The mansion house had distinctive crow stepped gables and turrets to the south-west with a walled protected entrance court complete with motte to the east.

It remained a family residence until November 1791 when Catherine Bruce died without issue. Her late husband Henry Bruce, a direct descendant of King Robert Bruce, had died 19 years previously.

The estate was bought by Lawrence Dundas, 1st Earl of Zetland (Shetland), but the tower and house were abandoned.

The mansion fell into disrepair and was eventually demolished with some of the stone reputedly being used in new buildings in the town itself.

In 1948, the parts of the eastern walls collapsed due to mine workings with further falls during the 1950s.
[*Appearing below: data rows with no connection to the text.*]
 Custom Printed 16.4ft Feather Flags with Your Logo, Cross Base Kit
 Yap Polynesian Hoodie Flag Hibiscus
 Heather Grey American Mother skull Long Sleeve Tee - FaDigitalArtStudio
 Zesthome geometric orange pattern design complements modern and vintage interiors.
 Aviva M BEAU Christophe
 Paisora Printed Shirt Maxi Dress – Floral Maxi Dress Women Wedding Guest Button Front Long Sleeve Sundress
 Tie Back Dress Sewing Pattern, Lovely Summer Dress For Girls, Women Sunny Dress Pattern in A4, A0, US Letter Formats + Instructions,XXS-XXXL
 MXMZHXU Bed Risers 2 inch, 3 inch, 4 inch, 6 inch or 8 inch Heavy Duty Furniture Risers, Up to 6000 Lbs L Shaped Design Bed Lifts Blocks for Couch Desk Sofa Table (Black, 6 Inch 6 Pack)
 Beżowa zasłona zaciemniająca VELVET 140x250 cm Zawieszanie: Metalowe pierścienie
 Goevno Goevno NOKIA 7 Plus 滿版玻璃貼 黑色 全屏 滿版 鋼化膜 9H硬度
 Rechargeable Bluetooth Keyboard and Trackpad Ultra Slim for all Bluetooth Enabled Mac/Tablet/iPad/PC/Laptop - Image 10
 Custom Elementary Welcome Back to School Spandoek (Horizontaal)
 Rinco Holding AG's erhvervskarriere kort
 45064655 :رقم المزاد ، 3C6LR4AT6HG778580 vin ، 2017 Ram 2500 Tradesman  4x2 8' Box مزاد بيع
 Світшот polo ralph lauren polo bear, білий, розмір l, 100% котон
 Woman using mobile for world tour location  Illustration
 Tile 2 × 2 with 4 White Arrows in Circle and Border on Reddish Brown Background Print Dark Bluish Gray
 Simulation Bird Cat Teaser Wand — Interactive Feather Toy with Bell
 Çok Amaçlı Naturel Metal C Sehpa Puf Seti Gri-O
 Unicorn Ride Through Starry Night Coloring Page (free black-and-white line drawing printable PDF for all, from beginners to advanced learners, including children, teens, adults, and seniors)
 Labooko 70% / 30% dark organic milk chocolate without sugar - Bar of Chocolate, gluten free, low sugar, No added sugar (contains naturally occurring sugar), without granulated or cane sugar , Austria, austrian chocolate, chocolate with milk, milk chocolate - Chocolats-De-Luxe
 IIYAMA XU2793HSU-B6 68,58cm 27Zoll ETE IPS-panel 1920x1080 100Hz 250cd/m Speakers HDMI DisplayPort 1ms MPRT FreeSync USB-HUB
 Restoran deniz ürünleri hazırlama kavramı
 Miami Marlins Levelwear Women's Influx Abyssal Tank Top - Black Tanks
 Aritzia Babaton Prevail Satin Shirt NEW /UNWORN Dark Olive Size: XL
By 1966, there was serious concern that the tower would be lost; however, the Ministry of Works set to work and managed to save the medieval building. Damage to the foundations of the tower has caused the entire structure to lean at an angle towards the south.

Remains of the outer walls of the mansion house, a terraced garden, and an ancient bowling green can still be traced.

In 1954 the tower was handed over to what is now known as Historic Environment Scotland and is only open to the public on rare occasions, although this will hopefully change in the near future.

The tower can be seen for miles and has commanding views over the surrounding countryside.

It was category A listed on June 9, 1960, with the tower we see today being the one largely built by the Bruce family.